Hierarchically Structured Porous Transport Layers for Polymer Electrolyte Water Electrolysis
The high operational and capital costs of polymer electrolyte water electrolysis technology originate from limited catalyst utilization and the use of thick membrane electrolytes. PSI researchers have developed novel multi-layer porous transport materials, which provide superior electrochemical performance in comparison to conventional single-layer structures.

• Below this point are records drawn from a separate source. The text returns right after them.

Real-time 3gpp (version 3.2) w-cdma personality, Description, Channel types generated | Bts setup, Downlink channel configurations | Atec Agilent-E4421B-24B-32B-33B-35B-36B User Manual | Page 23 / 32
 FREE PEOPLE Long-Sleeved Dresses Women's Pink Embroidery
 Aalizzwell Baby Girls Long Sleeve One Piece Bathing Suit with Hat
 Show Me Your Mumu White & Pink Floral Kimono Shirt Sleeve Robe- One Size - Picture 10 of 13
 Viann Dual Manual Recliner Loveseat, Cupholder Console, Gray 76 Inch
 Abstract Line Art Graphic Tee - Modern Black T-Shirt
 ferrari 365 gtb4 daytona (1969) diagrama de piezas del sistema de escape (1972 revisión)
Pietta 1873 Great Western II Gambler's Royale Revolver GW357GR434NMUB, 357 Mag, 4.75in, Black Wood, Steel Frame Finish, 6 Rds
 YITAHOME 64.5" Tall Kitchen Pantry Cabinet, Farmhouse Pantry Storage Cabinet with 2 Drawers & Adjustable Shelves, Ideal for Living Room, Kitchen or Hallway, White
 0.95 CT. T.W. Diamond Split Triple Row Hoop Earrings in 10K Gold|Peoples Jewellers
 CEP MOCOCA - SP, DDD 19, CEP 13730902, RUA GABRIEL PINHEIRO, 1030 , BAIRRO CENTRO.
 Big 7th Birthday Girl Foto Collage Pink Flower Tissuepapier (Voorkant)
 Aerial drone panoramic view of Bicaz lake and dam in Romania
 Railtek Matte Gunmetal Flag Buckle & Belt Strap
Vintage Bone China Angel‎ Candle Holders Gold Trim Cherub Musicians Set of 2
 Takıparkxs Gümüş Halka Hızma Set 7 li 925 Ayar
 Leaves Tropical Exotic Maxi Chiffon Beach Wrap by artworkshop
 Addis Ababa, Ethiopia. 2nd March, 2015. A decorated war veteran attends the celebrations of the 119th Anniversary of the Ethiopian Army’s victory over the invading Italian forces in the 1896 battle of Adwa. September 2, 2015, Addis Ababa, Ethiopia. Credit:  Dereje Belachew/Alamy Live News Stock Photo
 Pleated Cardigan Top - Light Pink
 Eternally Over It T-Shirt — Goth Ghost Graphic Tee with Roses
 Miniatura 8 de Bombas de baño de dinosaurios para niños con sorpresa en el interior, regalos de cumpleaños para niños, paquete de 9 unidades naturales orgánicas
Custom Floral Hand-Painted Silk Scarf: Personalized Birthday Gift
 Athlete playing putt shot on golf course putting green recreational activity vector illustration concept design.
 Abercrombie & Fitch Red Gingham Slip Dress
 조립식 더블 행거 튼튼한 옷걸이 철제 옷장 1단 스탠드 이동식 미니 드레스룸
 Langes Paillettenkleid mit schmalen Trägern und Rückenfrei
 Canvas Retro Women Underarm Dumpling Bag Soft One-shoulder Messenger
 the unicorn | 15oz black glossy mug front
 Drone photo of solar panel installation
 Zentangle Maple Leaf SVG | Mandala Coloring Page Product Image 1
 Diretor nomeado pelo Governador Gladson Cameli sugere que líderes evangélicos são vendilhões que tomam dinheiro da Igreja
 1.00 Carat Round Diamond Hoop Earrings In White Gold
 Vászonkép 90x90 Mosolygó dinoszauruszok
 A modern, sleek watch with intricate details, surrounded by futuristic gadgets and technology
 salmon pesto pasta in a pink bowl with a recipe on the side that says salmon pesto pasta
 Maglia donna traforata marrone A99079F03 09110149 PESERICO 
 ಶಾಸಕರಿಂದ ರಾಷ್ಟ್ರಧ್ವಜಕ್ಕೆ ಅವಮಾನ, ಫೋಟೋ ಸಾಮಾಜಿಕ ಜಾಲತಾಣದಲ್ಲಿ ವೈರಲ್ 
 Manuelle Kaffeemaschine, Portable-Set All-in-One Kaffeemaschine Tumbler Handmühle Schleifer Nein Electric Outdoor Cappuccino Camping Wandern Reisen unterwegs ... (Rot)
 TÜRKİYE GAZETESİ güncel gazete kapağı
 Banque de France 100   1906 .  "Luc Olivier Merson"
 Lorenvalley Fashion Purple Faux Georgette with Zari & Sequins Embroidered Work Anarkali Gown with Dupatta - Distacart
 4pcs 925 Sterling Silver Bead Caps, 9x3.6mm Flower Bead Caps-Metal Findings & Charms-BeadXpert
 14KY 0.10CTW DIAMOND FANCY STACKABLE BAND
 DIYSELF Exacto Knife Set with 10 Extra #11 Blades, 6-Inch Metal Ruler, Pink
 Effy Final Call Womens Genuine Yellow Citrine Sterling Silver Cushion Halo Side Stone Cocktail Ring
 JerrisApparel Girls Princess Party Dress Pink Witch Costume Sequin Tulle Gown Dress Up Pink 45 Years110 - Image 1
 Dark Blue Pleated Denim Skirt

Conventionally, in polymer electrolyte water electrolyzers, thick membrane electrolytes are used which leads to high operational cost because of high power consumption and the catalyst utilization is limited leading to increased capital cost because of the required high noble metal catalyst loadings. This is due to the coarse surface structure of the state-of-the-art titanium porous transport layer materials used. Therefore, a series of materials with three different microporous layers (MPLs) with advanced interface properties are fabricated and characterized. It is shown that these sintered multilayer structures, made from economically viable titanium powders, have improved interface properties with low surface roughness, as characterized by X-ray laboratory and synchrotron-based tomographic microscopy. The transport layer materials provide superior electrochemical performance in comparison to conventional single-layer structures, with up to three times higher catalyst layer utilization and a ≈60 mV decrease in (anodic) mass transport overpotential at 2 A cm−2. The MPLs combine preferential surface properties with high open porosity and low tortuosity of sinter materials, enabling for the first time the use of thin membranes, in combination with anodic titanium transport layers. The fundamental mechanism of the MPL effect is elucidated and shown to be based on a homogeneous contact pressure distribution, resulting in high catalyst utilization and low mass transport losses.